However, there is no express pronouncement in these opinions regarding the concept of administrative sanction that serves as the basis for them. As we have pointed out, the vast majority of the opinions have fallen on the exercise of disciplinary power, which fully corresponds to the strict concept of administrative sanction. Subsequently, it has been extended to the sanctioning power that is exercised over individuals, known under the expression of governmental sanctions. In the latter case, the Comptroller's Office has also established principles and criteria under the underlying idea that we are faced with proper administrative sanctions. But it has also included within the concept of sanction certain acts with unfavorable effects, which are not stricto sensu sanctions, such as measures aimed at restoring the legal order by closing an establishment or declaring an authorization to be expired. However, it should be borne in mind that in these latter cases, the sanction rating made by the Comptroller has not been decisive in its decision, since these problems have basically focused on respecting the principle of legality in the actions of the Administration.
In accordance with the foregoing, in our opinion, the Comptroller's jurisprudence underlies a broad concept of administrative sanction, especially to provide certain safeguards against administrative acts with unfavorable effects.
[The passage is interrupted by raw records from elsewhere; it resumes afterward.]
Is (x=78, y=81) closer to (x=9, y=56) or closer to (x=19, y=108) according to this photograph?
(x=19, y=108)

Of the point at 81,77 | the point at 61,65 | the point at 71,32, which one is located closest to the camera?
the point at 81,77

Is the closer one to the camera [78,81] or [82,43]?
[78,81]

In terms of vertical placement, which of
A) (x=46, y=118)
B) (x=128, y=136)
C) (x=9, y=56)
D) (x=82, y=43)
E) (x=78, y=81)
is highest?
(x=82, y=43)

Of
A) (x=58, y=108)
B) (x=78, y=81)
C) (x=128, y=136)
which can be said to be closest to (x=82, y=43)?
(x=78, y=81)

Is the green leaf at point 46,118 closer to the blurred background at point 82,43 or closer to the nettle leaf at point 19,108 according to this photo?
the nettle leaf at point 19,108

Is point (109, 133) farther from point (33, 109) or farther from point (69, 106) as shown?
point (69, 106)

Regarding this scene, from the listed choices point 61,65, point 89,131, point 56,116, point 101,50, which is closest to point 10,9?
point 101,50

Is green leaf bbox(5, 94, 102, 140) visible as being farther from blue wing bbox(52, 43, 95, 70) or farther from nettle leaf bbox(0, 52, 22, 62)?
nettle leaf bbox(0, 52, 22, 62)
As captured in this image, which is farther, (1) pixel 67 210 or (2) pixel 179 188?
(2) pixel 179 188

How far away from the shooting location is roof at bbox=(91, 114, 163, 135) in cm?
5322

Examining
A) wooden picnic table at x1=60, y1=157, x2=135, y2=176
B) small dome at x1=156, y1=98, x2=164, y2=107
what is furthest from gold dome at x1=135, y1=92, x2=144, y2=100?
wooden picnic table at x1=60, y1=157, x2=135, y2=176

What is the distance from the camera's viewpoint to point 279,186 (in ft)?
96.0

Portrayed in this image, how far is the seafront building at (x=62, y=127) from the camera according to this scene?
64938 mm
But also the controlling entity has hinted at a substantial concept of administrative sanction focused on the reduced ethical-social significance that it has in front of penalties, although it recognizes that it is up to the legislator to make this separation or demarcation.
3.1.4) Judicial jurisprudence
On this matter, judicial jurisprudence has followed the strict concept of administrative sanction. This is especially the case with the pronouncements of the Supreme Court, which has focused on a double function that these sanctions must fulfill: one of a preventive nature regarding certain conducts considered as administrative illicit, and another of a repressive nature, in response to the infraction. committed.
In this sense, the Supreme Court has indicated that "[...] the administrative sanction has mainly a preventive-repressive purpose, with it the discouragement of future similar illicit behavior is sought, it seeks to repress the conduct contrary to law and reestablish the legal order previously broken by the transgressor's action ".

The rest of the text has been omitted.